RECORDS TO USE: Begin

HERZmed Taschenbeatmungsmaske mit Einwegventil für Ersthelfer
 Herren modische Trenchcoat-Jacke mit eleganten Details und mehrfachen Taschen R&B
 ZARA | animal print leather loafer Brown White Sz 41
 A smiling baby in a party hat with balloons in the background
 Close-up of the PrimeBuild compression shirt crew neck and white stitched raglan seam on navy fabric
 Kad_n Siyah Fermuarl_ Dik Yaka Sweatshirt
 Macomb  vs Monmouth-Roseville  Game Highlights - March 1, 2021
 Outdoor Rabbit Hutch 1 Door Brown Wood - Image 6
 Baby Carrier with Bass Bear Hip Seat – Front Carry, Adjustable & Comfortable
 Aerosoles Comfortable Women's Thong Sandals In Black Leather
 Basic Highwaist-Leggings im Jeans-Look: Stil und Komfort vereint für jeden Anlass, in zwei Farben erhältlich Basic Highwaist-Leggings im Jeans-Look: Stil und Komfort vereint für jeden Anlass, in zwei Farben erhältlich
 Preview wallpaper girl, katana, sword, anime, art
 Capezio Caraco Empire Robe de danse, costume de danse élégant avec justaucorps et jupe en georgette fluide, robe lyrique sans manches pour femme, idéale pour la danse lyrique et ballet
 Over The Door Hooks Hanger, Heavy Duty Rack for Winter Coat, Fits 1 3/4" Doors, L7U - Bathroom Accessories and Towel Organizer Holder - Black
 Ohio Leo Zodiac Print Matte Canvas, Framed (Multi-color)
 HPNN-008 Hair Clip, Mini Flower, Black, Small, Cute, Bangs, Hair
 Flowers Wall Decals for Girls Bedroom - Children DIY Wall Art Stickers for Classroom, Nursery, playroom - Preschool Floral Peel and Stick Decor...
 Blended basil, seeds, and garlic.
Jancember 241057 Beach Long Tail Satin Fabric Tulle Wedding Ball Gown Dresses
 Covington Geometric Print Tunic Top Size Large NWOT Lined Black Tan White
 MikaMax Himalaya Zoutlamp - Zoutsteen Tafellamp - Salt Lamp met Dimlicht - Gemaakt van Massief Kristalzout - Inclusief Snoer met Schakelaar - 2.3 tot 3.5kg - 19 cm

RECORDS TO USE: End

▶ **TRY IT**
Print every record exactly, so that each word matches what is written above.

▶ **TASK RESULT**
HERZmed Taschenbeatmungsmaske mit Einwegventil für Ersthelfer
 Herren modische Trenchcoat-Jacke mit eleganten Details und mehrfachen Taschen R&B
 ZARA | animal print leather loafer Brown White Sz 41
 A smiling baby in a party hat with balloons in the background
 Close-up of the PrimeBuild compression shirt crew neck and white stitched raglan seam on navy fabric
 Kad_n Siyah Fermuarl_ Dik Yaka Sweatshirt
 Macomb  vs Monmouth-Roseville  Game Highlights - March 1, 2021
 Outdoor Rabbit Hutch 1 Door Brown Wood - Image 6
 Baby Carrier with Bass Bear Hip Seat – Front Carry, Adjustable & Comfortable
 Aerosoles Comfortable Women's Thong Sandals In Black Leather
 Basic Highwaist-Leggings im Jeans-Look: Stil und Komfort vereint für jeden Anlass, in zwei Farben erhältlich Basic Highwaist-Leggings im Jeans-Look: Stil und Komfort vereint für jeden Anlass, in zwei Farben erhältlich
 Preview wallpaper girl, katana, sword, anime, art
 Capezio Caraco Empire Robe de danse, costume de danse élégant avec justaucorps et jupe en georgette fluide, robe lyrique sans manches pour femme, idéale pour la danse lyrique et ballet
 Over The Door Hooks Hanger, Heavy Duty Rack for Winter Coat, Fits 1 3/4" Doors, L7U - Bathroom Accessories and Towel Organizer Holder - Black
 Ohio Leo Zodiac Print Matte Canvas, Framed (Multi-color)
 HPNN-008 Hair Clip, Mini Flower, Black, Small, Cute, Bangs, Hair
 Flowers Wall Decals for Girls Bedroom - Children DIY Wall Art Stickers for Classroom, Nursery, playroom - Preschool Floral Peel and Stick Decor...
 Blended basil, seeds, and garlic.
Jancember 241057 Beach Long Tail Satin Fabric Tulle Wedding Ball Gown Dresses
 Covington Geometric Print Tunic Top Size Large NWOT Lined Black Tan White
 MikaMax Himalaya Zoutlamp - Zoutsteen Tafellamp - Salt Lamp met Dimlicht - Gemaakt van Massief Kristalzout - Inclusief Snoer met Schakelaar - 2.3 tot 3.5kg - 19 cm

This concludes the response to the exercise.